With a spine just shy of a quarter of an inch, Vaccine Primer packs quite a wallop for its size, deftly introducing the topic with both depth and breadth. Freed’s background in medical editing and teaching are apparent as he distills complex concepts into clear and understandable summaries using a matter of fact tone, and he occasionally nudges the reader with Socratic style questions. His forthright and provocative claims are presented in such a way that it is hard not to generate curiosity and questions worthy of further exploration, so if the goal is to stimulate questioning and learning, the book will most likely be successful in that respect.
A distinguishing feature of the book is that footnotes and other resources are found on the book’s website, rather than within the book.
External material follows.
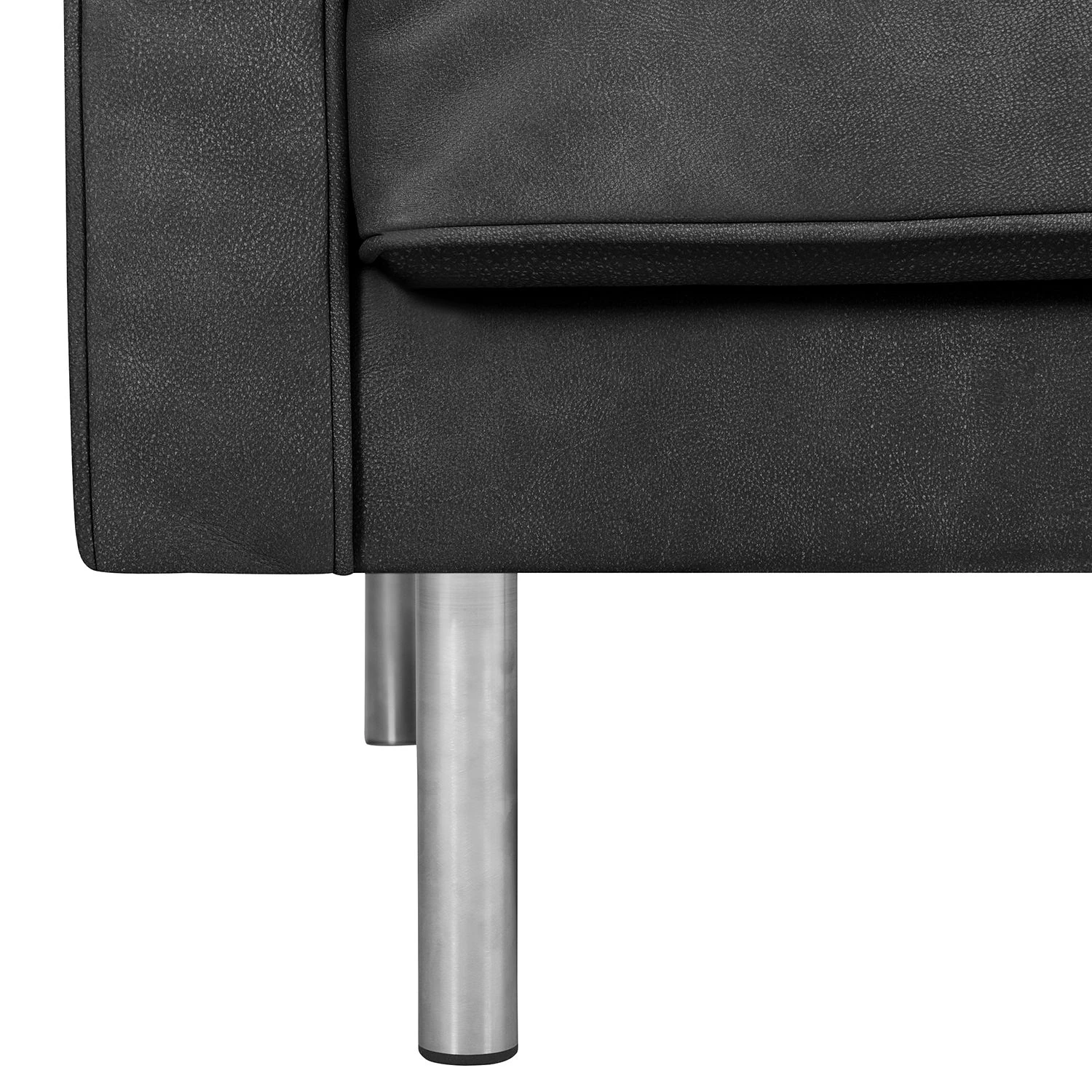 Fredriks Sessel Portobello IV - Echtleder - Echtleder Custo: Schwarz - Zylinder 7 Fredriks Sessel Portobello IV - Echtleder - Echtleder Custo: Schwarz - Zylinder – Bild 7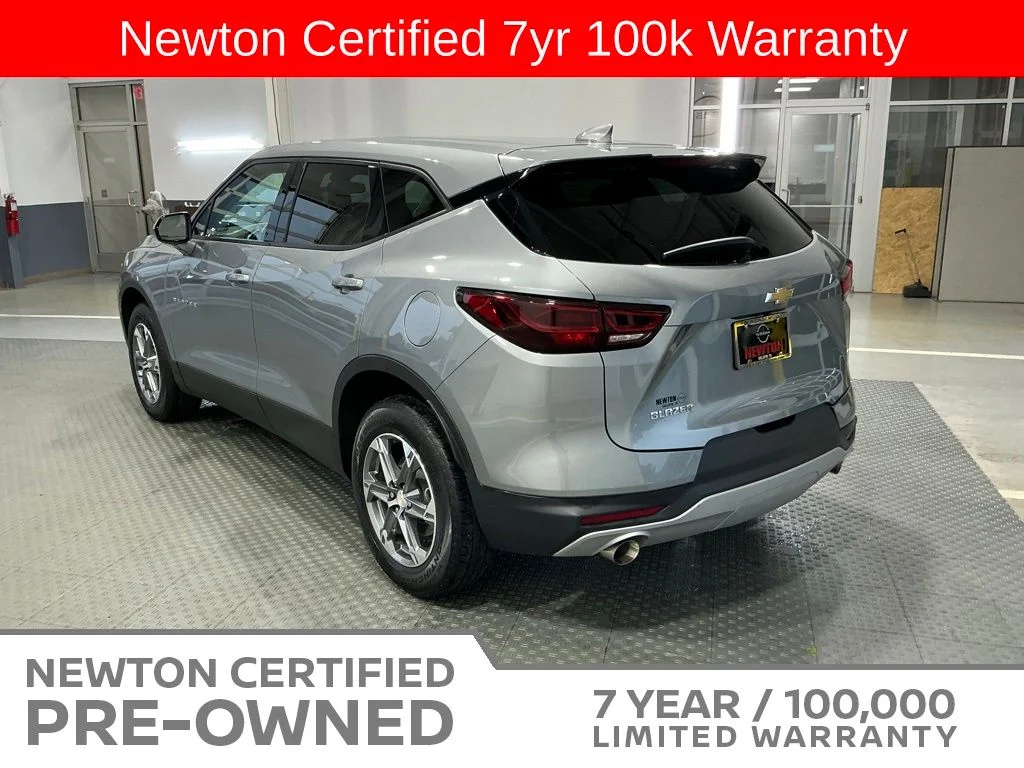 Certified Used 2023 Sterling Gray Metallic Chevrolet LT image 21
These endnotes are updated or enhanced as new research becomes available so the book will remain relevant as the science evolves. Forcing the reader to the website for this information may have the advantage of encouraging even the most skeptic reader into a deeper exploration of the science of vaccines since the references become more rich and interactive (and, as many have discovered, one click inevitably leads to another). In keeping with its sparse nature there is no index, but the book is short enough that most topics should be easy enough to find.
Reading the Vaccine Primer feels a little like being firmly grasped at the elbow by an expert tour guide and taken on a whirlwind tour of immunity. Freed stands firmly on science, condenses heavy material into manageable bites that even non-scientists can digest, and navigates controversy with a light touch. I can think of few better companions for the journey down the rabbit hole.